**DIRECTIONS:** Quote each line of the material verbatim, without the pictures.

**SUPPLIED DATA:**
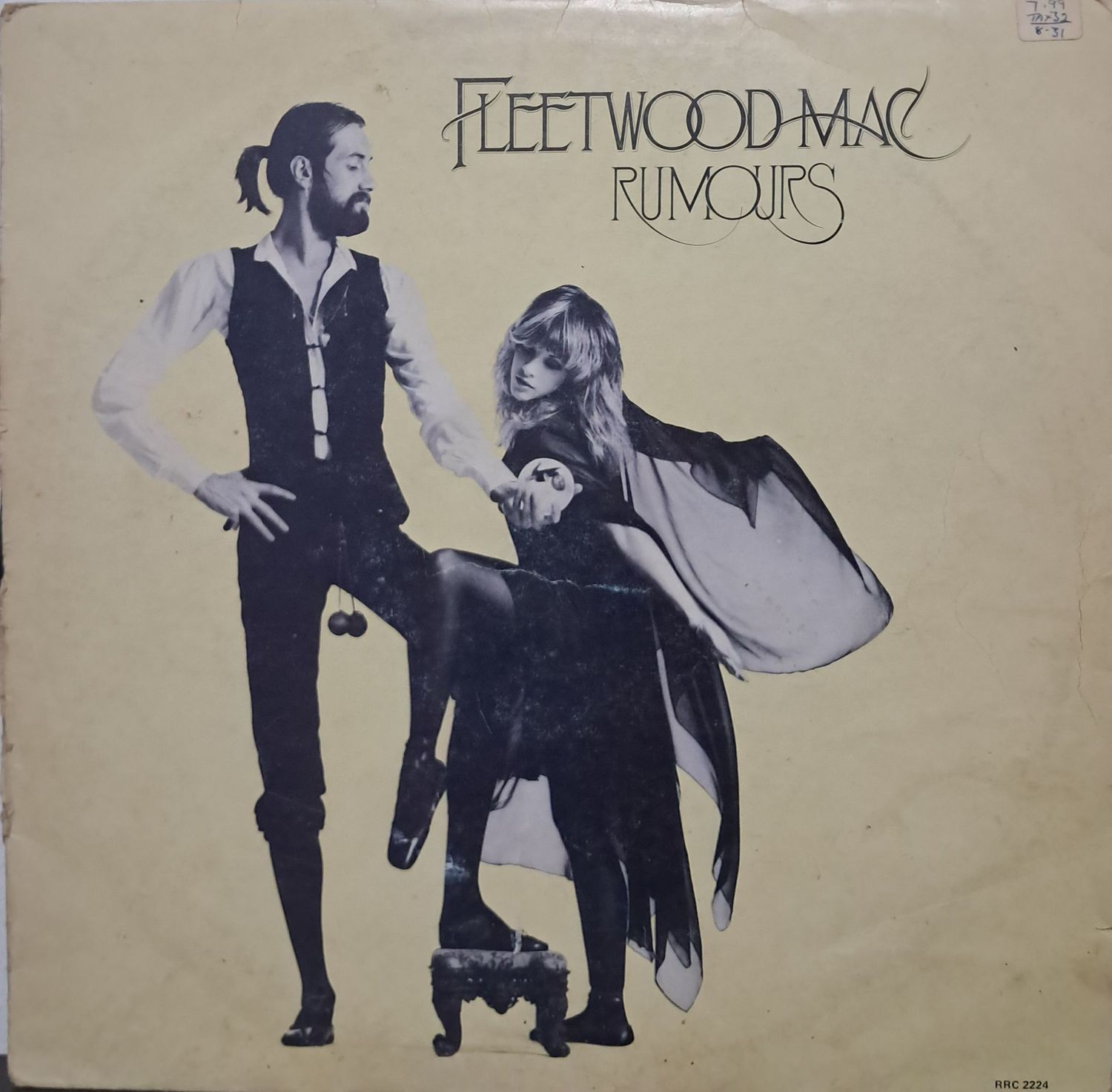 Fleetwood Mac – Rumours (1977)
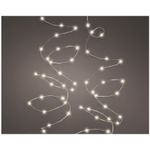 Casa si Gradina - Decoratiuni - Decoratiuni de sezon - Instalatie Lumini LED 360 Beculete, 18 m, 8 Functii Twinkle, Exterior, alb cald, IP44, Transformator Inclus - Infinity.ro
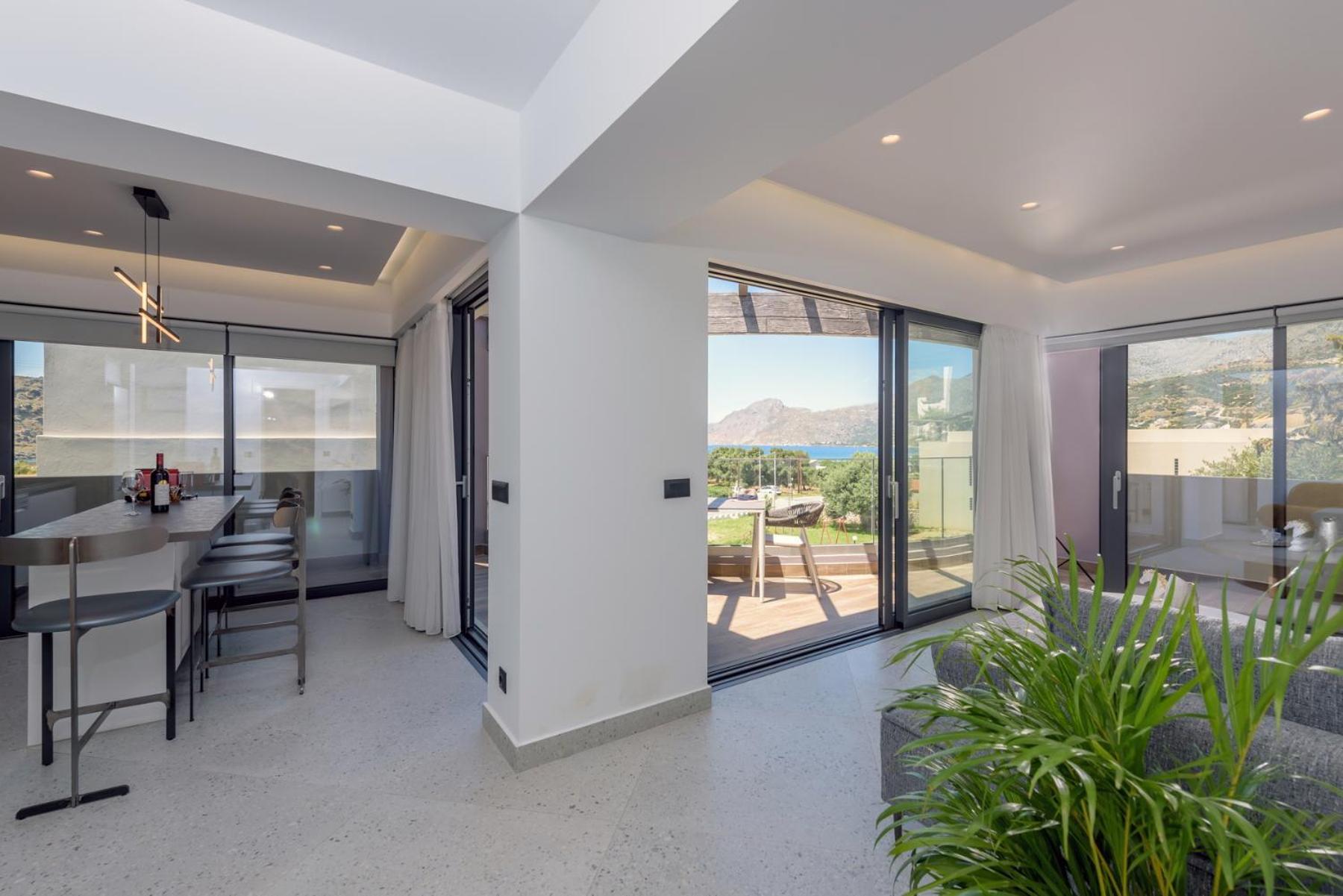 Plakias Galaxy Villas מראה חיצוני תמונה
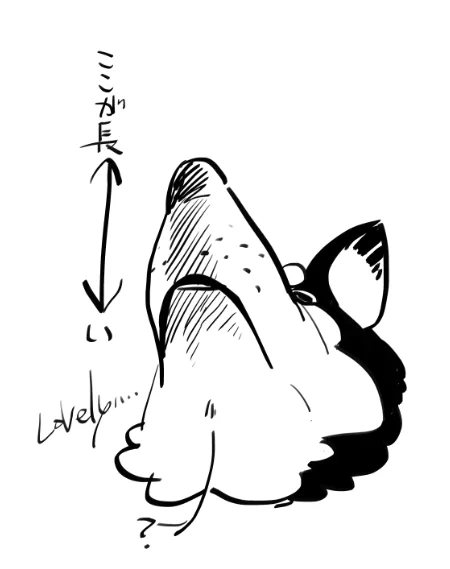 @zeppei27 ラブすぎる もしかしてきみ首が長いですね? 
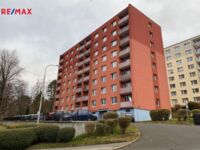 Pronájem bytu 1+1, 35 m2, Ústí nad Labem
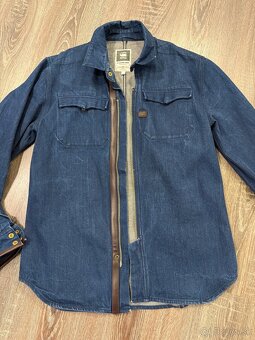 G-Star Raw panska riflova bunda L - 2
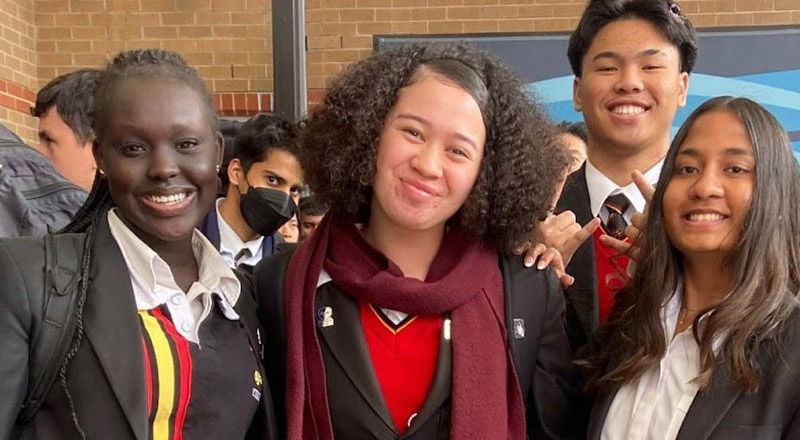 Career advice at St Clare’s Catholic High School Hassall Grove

**SOLUTION:**
 Fleetwood Mac – Rumours (1977)
 Casa si Gradina - Decoratiuni - Decoratiuni de sezon - Instalatie Lumini LED 360 Beculete, 18 m, 8 Functii Twinkle, Exterior, alb cald, IP44, Transformator Inclus - Infinity.ro
 Plakias Galaxy Villas מראה חיצוני תמונה
 @zeppei27 ラブすぎる もしかしてきみ首が長いですね? 
 Pronájem bytu 1+1, 35 m2, Ústí nad Labem
 G-Star Raw panska riflova bunda L - 2
 Career advice at St Clare’s Catholic High School Hassall Grove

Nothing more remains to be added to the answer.